Instructions to follow
Everything from the line containing "La Pop Art Plus The 80's Word V-Neck T-Shirt" through the line containing "Zaarafy™ 4K 8MP" should be repeated exactly, and nothing else from the data.

Material to process

◆ ◆ ◆ ◆ ◆

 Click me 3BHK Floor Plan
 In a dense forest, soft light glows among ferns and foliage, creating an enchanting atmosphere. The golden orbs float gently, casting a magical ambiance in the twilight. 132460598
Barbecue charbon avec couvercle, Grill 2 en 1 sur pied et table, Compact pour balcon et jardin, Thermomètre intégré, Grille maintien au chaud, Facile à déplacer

◆ ◆ ◆ ◆ ◆

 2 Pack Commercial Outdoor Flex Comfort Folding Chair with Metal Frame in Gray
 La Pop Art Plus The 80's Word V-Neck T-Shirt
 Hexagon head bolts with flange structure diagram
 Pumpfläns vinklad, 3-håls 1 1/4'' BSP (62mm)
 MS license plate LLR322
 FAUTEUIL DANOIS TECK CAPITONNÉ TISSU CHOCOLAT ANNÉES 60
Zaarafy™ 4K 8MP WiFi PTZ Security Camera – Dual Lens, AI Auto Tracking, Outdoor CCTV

◆ ◆ ◆ ◆ ◆

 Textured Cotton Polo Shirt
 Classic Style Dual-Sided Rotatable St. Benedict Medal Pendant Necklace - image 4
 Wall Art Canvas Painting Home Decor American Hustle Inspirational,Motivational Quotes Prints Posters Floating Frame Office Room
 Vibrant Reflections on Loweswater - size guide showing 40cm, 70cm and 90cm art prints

◆ ◆ ◆ ◆ ◆

Expected answer
 La Pop Art Plus The 80's Word V-Neck T-Shirt
 Hexagon head bolts with flange structure diagram
 Pumpfläns vinklad, 3-håls 1 1/4'' BSP (62mm)
 MS license plate LLR322
 FAUTEUIL DANOIS TECK CAPITONNÉ TISSU CHOCOLAT ANNÉES 60
Zaarafy™ 4K 8MP WiFi PTZ Security Camera – Dual Lens, AI Auto Tracking, Outdoor CCTV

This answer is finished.